Flight Engineering: Building a Channel Ecosystem

Wednesday June 21, 2017 | Posted at 10:40 am | By Paul Dicken
June 21, 2017 @ 10:40 am

Welcome to our first instalment of the Flight Engineering series on the Volo blog. We’ll be exploring the technical innovations and solutions Volo uses to create a powerful multichannel management platform, with lead Solution Architect Alaric Snell-Pym.

Integrating with sales channels is an essential part of what Volo does. We interface with eBay, Amazon, Walmart and others, sending listings to them and then processing orders that come back.

Our customers want to list their products on multiple channels. So, we provide one central inventory, one order-processing system, and then interface all the channels into it.

The goal is to reduce the effort required to use each channel, so our customers can sell on more of them and reach more markets. We’re always trying to make selling online as easy as buying online, and that means making adoption of new channels simple.

To do this, we need to make our software, Volo Origin, use the seller API of each channel to communicate with it.


The Journey

In the early history of the product, we just supported eBay; when we added support for Amazon, it was hard-coded into the core of the product in the same way. But as it slowly became clear that the future held a wide range of channels, we knew we had to re-think that approach.

Adding channels to the product was complicating the codebase; a single software product with more and more features being added to it becomes harder to develop and test. We couldn’t just keep adding more channels to it!

The solution is to break the system down into modules, with simple interfaces between the modules.

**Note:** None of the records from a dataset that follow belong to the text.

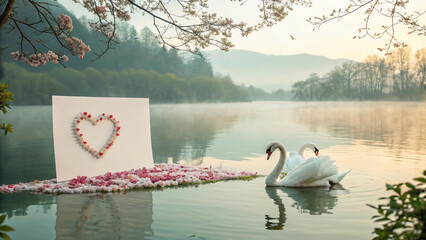 Romantic Valentine Blank Card with Swan Petals Forming Hearts on Misty Spring Lake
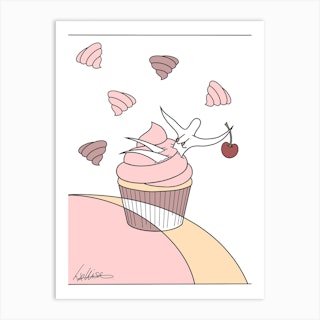 Cupcake Gal Art Print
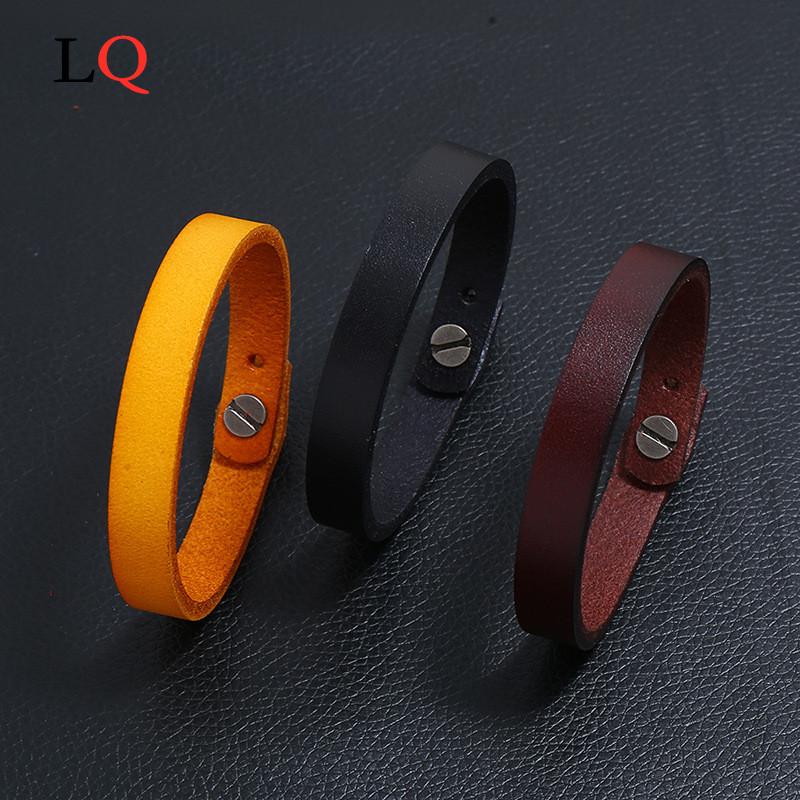 New Fashion Punk Cowhide Leather Men Bracelet Bangles for Women Jewelry Magnetic Snap Charm Bracelets Gift Snap Button Jewelry
New Fashion Punk Cowhide Leather Men Bracelet Bangles for Women Jewelry Magnetic Snap Charm Bracelets Gift Snap Button Jewelry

This means that developers working on a module need only understand the interfaces that module uses, rather than the inner workings of the modules providing those interfaces, or any other parts of the system.

Want to learn more about modular software architecture? Here’s a more detailed explanation.

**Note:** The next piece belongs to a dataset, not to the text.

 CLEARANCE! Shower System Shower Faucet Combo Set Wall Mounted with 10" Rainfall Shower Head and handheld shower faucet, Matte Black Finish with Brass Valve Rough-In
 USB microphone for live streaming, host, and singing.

Speaking the Same Language

In our case, we clearly needed to provide a standard interface between the core of the system and each channel, in effect letting them talk a common language. The system can maintain a list of channels for each customer, and use that common language with each one to list products and process orders in a channel-agnostic manner. These “channel plugins” talk to the core with our common channel interface, and are responsible for translating it to each channel’s native API.

We want to be able to update the channel plugins, and add new ones, without needing to do a whole release of our core product. So rather than making the channel plugins as Java classes deployed into the core, we’ve gone one step further: they are separate processes, and the common channel interface is a REST API that the plugin implements.

To add channels to a customer’s account, we can just provide the URL of the plugin and the customer’s API keys. This means we can let customers write their own plugins if they need to interface with bespoke sales channels such as their own ecommerce platforms, and let third parties write and sell their own Volo Origin channel integrations. We could even see ecommerce providers such as Magento provide their own Volo Origin integration module in future. 

Working in this way makes it easier for us to add new features to the API. A channel that doesn’t support the new features will return an error if we attempt to use them, because it doesn’t understand the API call corresponding to the feature.

This means our platform can identify features that some channels don’t provide and not offer that feature to users, while still offering the features that the channel does provide.

Staying Feature-rich

Using a common channel plugin API is a simple principle, but the details are complex. How do we define the common API so that it can express the widely varying capabilities of different channels?

It’s easy to support lots of channels by only by providing a lowest common denominator feature set – basic listings, without variations or promotions, limited support for cancellations and refunds, and often without optional or category-specific product attributes. 

However, our customers tend to come to us already selling on one or more channels. That means we must support all the features channels might have to offer in the channel plugin API.

In future posts, we will explore how we’re approaching that problem and building an API that’s easy to implement for simple channels, while still providing rich functionality to advance channels.